TASK STATEMENT:
Take the listing below and output it again exactly.
====== INPUT ======
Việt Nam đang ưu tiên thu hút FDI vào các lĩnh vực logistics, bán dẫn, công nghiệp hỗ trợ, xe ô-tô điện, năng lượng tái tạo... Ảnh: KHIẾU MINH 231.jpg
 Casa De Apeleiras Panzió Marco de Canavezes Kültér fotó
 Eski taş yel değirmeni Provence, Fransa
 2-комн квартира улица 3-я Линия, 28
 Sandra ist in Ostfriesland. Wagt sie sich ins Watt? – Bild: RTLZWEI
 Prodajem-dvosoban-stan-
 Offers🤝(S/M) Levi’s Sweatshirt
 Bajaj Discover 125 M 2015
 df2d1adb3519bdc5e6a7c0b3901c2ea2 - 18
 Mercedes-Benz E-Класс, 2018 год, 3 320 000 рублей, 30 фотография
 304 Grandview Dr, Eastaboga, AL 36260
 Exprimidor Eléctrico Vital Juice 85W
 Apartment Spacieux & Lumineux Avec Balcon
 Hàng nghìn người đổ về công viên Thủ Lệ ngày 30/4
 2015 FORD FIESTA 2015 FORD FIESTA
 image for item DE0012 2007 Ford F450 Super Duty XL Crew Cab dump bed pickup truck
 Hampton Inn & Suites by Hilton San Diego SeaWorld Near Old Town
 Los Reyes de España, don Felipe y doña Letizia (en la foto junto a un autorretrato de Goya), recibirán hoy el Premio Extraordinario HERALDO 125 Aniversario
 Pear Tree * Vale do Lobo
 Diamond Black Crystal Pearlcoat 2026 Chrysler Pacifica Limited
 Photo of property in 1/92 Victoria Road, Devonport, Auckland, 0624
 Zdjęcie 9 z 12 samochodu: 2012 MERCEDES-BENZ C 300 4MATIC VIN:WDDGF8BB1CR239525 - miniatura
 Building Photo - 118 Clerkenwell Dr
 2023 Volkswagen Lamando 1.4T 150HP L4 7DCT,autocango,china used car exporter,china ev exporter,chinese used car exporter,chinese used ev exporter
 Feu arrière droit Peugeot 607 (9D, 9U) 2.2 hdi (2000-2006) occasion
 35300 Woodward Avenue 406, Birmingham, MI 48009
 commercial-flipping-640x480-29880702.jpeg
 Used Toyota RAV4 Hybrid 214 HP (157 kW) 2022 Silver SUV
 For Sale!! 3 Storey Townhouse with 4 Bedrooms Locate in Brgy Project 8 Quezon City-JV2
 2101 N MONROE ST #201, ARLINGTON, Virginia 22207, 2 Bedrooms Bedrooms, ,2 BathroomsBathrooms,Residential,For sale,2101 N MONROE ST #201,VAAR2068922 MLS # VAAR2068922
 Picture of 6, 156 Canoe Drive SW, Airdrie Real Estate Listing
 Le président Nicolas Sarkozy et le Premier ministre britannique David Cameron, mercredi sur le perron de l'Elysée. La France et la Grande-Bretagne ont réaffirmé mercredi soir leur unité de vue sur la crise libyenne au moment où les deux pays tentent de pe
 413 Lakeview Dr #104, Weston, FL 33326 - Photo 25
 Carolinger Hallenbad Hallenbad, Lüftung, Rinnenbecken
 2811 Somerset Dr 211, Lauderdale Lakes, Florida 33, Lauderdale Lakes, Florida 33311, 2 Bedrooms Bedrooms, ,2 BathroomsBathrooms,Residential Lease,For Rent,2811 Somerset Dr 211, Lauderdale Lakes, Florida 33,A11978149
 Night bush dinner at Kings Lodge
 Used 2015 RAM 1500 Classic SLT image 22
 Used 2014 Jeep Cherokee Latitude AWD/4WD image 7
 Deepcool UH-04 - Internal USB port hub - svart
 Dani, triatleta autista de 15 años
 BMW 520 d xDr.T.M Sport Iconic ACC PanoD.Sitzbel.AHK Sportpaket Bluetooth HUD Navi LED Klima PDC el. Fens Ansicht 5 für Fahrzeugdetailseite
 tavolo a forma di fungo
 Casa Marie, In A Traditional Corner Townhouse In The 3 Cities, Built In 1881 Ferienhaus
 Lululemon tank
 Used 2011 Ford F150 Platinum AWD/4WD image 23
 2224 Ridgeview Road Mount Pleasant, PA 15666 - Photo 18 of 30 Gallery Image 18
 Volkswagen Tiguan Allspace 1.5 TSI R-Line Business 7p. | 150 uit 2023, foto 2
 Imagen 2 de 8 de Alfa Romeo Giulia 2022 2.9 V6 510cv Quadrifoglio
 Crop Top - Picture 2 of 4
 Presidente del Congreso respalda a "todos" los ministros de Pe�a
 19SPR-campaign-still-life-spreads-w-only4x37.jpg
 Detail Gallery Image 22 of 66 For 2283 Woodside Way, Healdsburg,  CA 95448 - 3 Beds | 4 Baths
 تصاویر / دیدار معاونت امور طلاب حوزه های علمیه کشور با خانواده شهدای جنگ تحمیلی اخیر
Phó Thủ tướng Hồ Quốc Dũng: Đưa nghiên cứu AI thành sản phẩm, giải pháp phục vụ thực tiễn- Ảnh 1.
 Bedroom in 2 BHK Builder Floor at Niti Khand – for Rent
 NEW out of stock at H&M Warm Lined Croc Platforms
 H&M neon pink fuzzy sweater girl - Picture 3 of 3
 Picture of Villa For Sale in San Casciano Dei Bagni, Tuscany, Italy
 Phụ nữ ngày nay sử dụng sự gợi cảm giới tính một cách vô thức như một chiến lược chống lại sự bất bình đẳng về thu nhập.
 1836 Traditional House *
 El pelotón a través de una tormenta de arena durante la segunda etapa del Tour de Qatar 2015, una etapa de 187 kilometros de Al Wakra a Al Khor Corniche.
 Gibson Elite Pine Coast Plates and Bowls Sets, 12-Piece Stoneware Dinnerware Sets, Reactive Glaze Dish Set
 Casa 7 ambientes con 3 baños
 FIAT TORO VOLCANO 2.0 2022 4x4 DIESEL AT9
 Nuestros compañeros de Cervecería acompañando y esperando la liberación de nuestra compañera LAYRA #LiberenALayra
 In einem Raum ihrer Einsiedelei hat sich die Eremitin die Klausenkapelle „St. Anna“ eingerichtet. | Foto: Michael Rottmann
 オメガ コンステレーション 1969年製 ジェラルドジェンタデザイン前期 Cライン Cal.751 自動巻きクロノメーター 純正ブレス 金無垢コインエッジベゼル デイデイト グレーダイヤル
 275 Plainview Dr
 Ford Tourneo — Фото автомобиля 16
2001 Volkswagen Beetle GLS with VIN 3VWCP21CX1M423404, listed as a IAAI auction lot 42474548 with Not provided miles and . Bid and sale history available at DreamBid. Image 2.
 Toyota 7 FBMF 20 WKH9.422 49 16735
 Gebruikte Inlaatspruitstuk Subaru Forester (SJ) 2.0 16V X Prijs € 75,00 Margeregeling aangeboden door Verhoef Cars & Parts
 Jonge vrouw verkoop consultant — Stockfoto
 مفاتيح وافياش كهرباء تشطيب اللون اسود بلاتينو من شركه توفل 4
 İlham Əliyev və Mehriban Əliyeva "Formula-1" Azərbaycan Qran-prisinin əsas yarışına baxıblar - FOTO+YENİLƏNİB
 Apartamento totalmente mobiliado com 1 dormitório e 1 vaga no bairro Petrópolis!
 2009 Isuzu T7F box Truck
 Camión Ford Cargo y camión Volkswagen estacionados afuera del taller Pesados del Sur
======
WRITTEN REPLY:
Việt Nam đang ưu tiên thu hút FDI vào các lĩnh vực logistics, bán dẫn, công nghiệp hỗ trợ, xe ô-tô điện, năng lượng tái tạo... Ảnh: KHIẾU MINH 231.jpg
 Casa De Apeleiras Panzió Marco de Canavezes Kültér fotó
 Eski taş yel değirmeni Provence, Fransa
 2-комн квартира улица 3-я Линия, 28
 Sandra ist in Ostfriesland. Wagt sie sich ins Watt? – Bild: RTLZWEI
 Prodajem-dvosoban-stan-
 Offers🤝(S/M) Levi’s Sweatshirt
 Bajaj Discover 125 M 2015
 df2d1adb3519bdc5e6a7c0b3901c2ea2 - 18
 Mercedes-Benz E-Класс, 2018 год, 3 320 000 рублей, 30 фотография
 304 Grandview Dr, Eastaboga, AL 36260
 Exprimidor Eléctrico Vital Juice 85W
 Apartment Spacieux & Lumineux Avec Balcon
 Hàng nghìn người đổ về công viên Thủ Lệ ngày 30/4
 2015 FORD FIESTA 2015 FORD FIESTA
 image for item DE0012 2007 Ford F450 Super Duty XL Crew Cab dump bed pickup truck
 Hampton Inn & Suites by Hilton San Diego SeaWorld Near Old Town
 Los Reyes de España, don Felipe y doña Letizia (en la foto junto a un autorretrato de Goya), recibirán hoy el Premio Extraordinario HERALDO 125 Aniversario
 Pear Tree * Vale do Lobo
 Diamond Black Crystal Pearlcoat 2026 Chrysler Pacifica Limited
 Photo of property in 1/92 Victoria Road, Devonport, Auckland, 0624
 Zdjęcie 9 z 12 samochodu: 2012 MERCEDES-BENZ C 300 4MATIC VIN:WDDGF8BB1CR239525 - miniatura
 Building Photo - 118 Clerkenwell Dr
 2023 Volkswagen Lamando 1.4T 150HP L4 7DCT,autocango,china used car exporter,china ev exporter,chinese used car exporter,chinese used ev exporter
 Feu arrière droit Peugeot 607 (9D, 9U) 2.2 hdi (2000-2006) occasion
 35300 Woodward Avenue 406, Birmingham, MI 48009
 commercial-flipping-640x480-29880702.jpeg
 Used Toyota RAV4 Hybrid 214 HP (157 kW) 2022 Silver SUV
 For Sale!! 3 Storey Townhouse with 4 Bedrooms Locate in Brgy Project 8 Quezon City-JV2
 2101 N MONROE ST #201, ARLINGTON, Virginia 22207, 2 Bedrooms Bedrooms, ,2 BathroomsBathrooms,Residential,For sale,2101 N MONROE ST #201,VAAR2068922 MLS # VAAR2068922
 Picture of 6, 156 Canoe Drive SW, Airdrie Real Estate Listing
 Le président Nicolas Sarkozy et le Premier ministre britannique David Cameron, mercredi sur le perron de l'Elysée. La France et la Grande-Bretagne ont réaffirmé mercredi soir leur unité de vue sur la crise libyenne au moment où les deux pays tentent de pe
 413 Lakeview Dr #104, Weston, FL 33326 - Photo 25
 Carolinger Hallenbad Hallenbad, Lüftung, Rinnenbecken
 2811 Somerset Dr 211, Lauderdale Lakes, Florida 33, Lauderdale Lakes, Florida 33311, 2 Bedrooms Bedrooms, ,2 BathroomsBathrooms,Residential Lease,For Rent,2811 Somerset Dr 211, Lauderdale Lakes, Florida 33,A11978149
 Night bush dinner at Kings Lodge
 Used 2015 RAM 1500 Classic SLT image 22
 Used 2014 Jeep Cherokee Latitude AWD/4WD image 7
 Deepcool UH-04 - Internal USB port hub - svart
 Dani, triatleta autista de 15 años
 BMW 520 d xDr.T.M Sport Iconic ACC PanoD.Sitzbel.AHK Sportpaket Bluetooth HUD Navi LED Klima PDC el. Fens Ansicht 5 für Fahrzeugdetailseite
 tavolo a forma di fungo
 Casa Marie, In A Traditional Corner Townhouse In The 3 Cities, Built In 1881 Ferienhaus
 Lululemon tank
 Used 2011 Ford F150 Platinum AWD/4WD image 23
 2224 Ridgeview Road Mount Pleasant, PA 15666 - Photo 18 of 30 Gallery Image 18
 Volkswagen Tiguan Allspace 1.5 TSI R-Line Business 7p. | 150 uit 2023, foto 2
 Imagen 2 de 8 de Alfa Romeo Giulia 2022 2.9 V6 510cv Quadrifoglio
 Crop Top - Picture 2 of 4
 Presidente del Congreso respalda a "todos" los ministros de Pe�a
 19SPR-campaign-still-life-spreads-w-only4x37.jpg
 Detail Gallery Image 22 of 66 For 2283 Woodside Way, Healdsburg,  CA 95448 - 3 Beds | 4 Baths
 تصاویر / دیدار معاونت امور طلاب حوزه های علمیه کشور با خانواده شهدای جنگ تحمیلی اخیر
Phó Thủ tướng Hồ Quốc Dũng: Đưa nghiên cứu AI thành sản phẩm, giải pháp phục vụ thực tiễn- Ảnh 1.
 Bedroom in 2 BHK Builder Floor at Niti Khand – for Rent
 NEW out of stock at H&M Warm Lined Croc Platforms
 H&M neon pink fuzzy sweater girl - Picture 3 of 3
 Picture of Villa For Sale in San Casciano Dei Bagni, Tuscany, Italy
 Phụ nữ ngày nay sử dụng sự gợi cảm giới tính một cách vô thức như một chiến lược chống lại sự bất bình đẳng về thu nhập.
 1836 Traditional House *
 El pelotón a través de una tormenta de arena durante la segunda etapa del Tour de Qatar 2015, una etapa de 187 kilometros de Al Wakra a Al Khor Corniche.
 Gibson Elite Pine Coast Plates and Bowls Sets, 12-Piece Stoneware Dinnerware Sets, Reactive Glaze Dish Set
 Casa 7 ambientes con 3 baños
 FIAT TORO VOLCANO 2.0 2022 4x4 DIESEL AT9
 Nuestros compañeros de Cervecería acompañando y esperando la liberación de nuestra compañera LAYRA #LiberenALayra
 In einem Raum ihrer Einsiedelei hat sich die Eremitin die Klausenkapelle „St. Anna“ eingerichtet. | Foto: Michael Rottmann
 オメガ コンステレーション 1969年製 ジェラルドジェンタデザイン前期 Cライン Cal.751 自動巻きクロノメーター 純正ブレス 金無垢コインエッジベゼル デイデイト グレーダイヤル
 275 Plainview Dr
 Ford Tourneo — Фото автомобиля 16
2001 Volkswagen Beetle GLS with VIN 3VWCP21CX1M423404, listed as a IAAI auction lot 42474548 with Not provided miles and . Bid and sale history available at DreamBid. Image 2.
 Toyota 7 FBMF 20 WKH9.422 49 16735
 Gebruikte Inlaatspruitstuk Subaru Forester (SJ) 2.0 16V X Prijs € 75,00 Margeregeling aangeboden door Verhoef Cars & Parts
 Jonge vrouw verkoop consultant — Stockfoto
 مفاتيح وافياش كهرباء تشطيب اللون اسود بلاتينو من شركه توفل 4
 İlham Əliyev və Mehriban Əliyeva "Formula-1" Azərbaycan Qran-prisinin əsas yarışına baxıblar - FOTO+YENİLƏNİB
 Apartamento totalmente mobiliado com 1 dormitório e 1 vaga no bairro Petrópolis!
 2009 Isuzu T7F box Truck
 Camión Ford Cargo y camión Volkswagen estacionados afuera del taller Pesados del Sur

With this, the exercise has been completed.